__Prompt__: Reproduce from the records below, with no pictures, exactly the lines between the one containing "Nowa psychologia sukcesu" and the one containing "Pagina 5 del", inclusive.

__Provided material__:
= Beginning of Section =

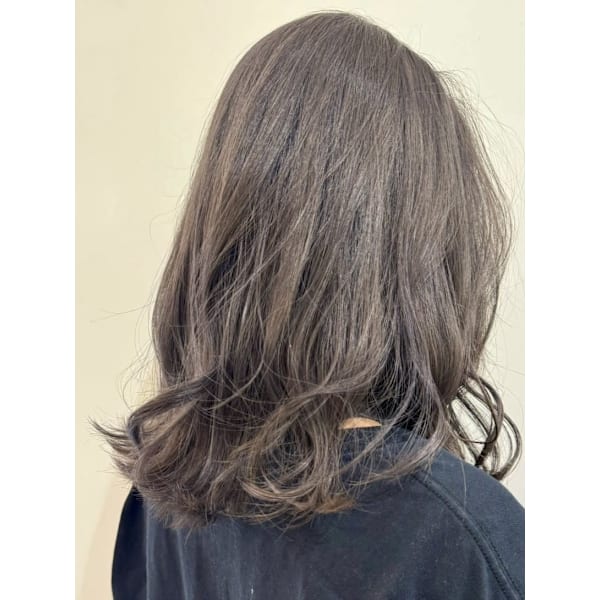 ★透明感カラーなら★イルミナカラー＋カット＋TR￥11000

= End of Section =
= Beginning of Section =

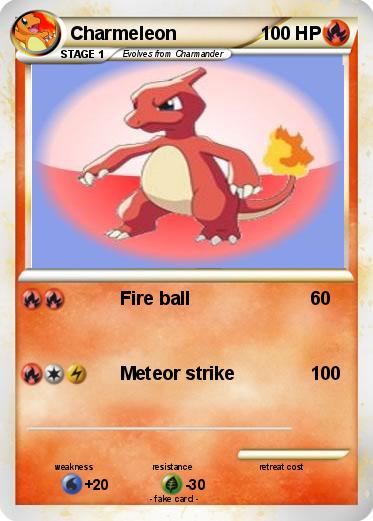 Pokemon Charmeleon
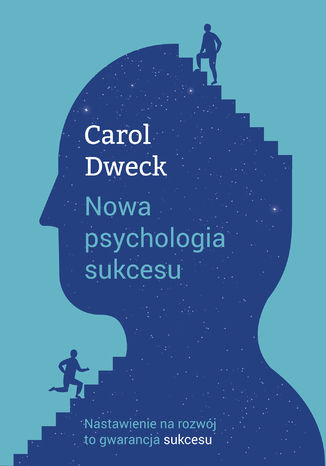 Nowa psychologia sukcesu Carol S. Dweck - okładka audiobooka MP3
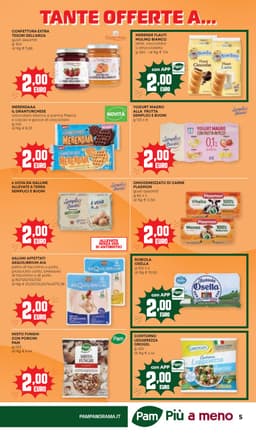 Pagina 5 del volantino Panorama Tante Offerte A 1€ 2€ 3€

= End of Section =
= Beginning of Section =

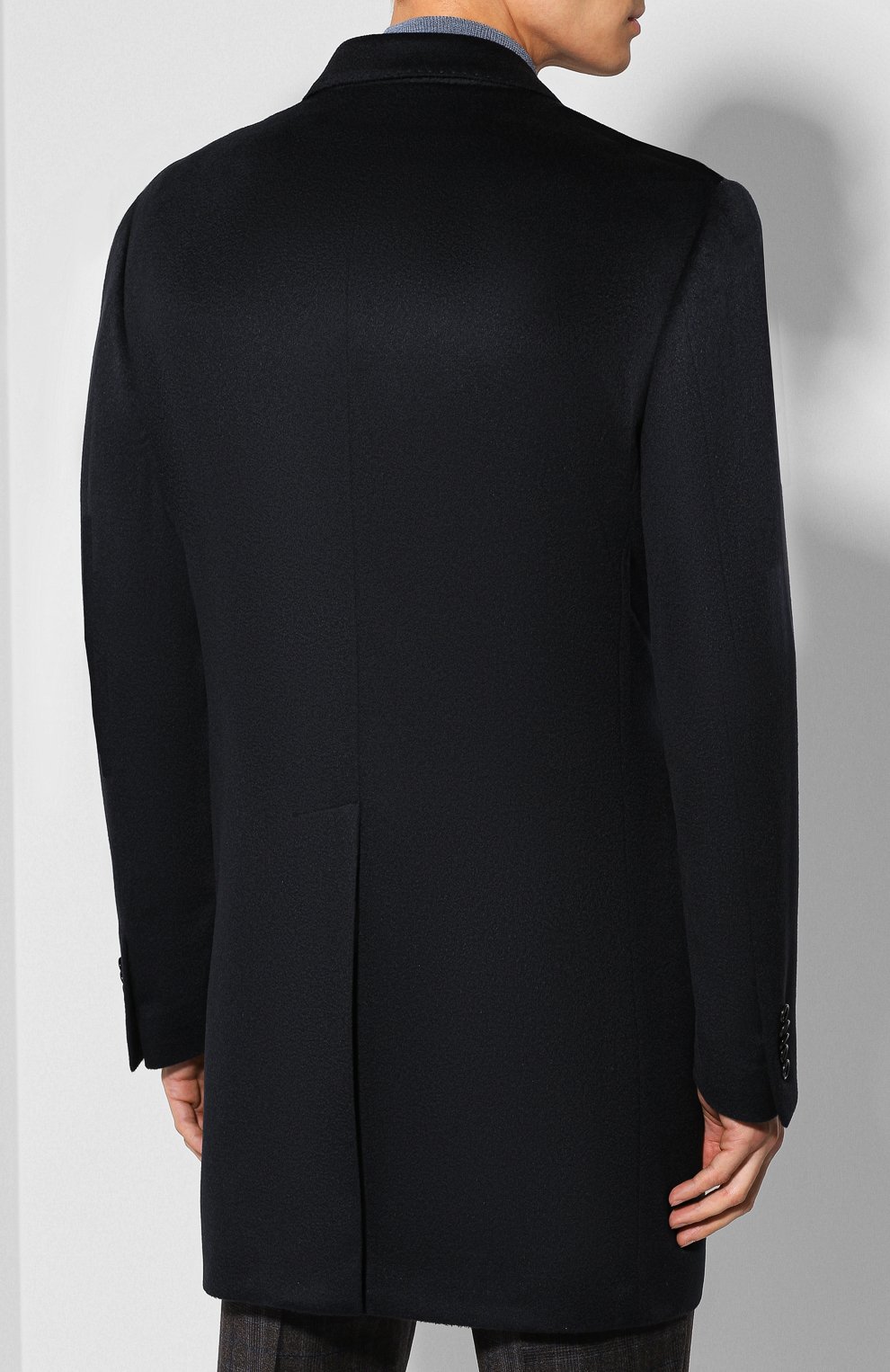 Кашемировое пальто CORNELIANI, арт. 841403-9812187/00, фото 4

= End of Section =

__Result for this exercise__:
 Nowa psychologia sukcesu Carol S. Dweck - okładka audiobooka MP3
 Pagina 5 del volantino Panorama Tante Offerte A 1€ 2€ 3€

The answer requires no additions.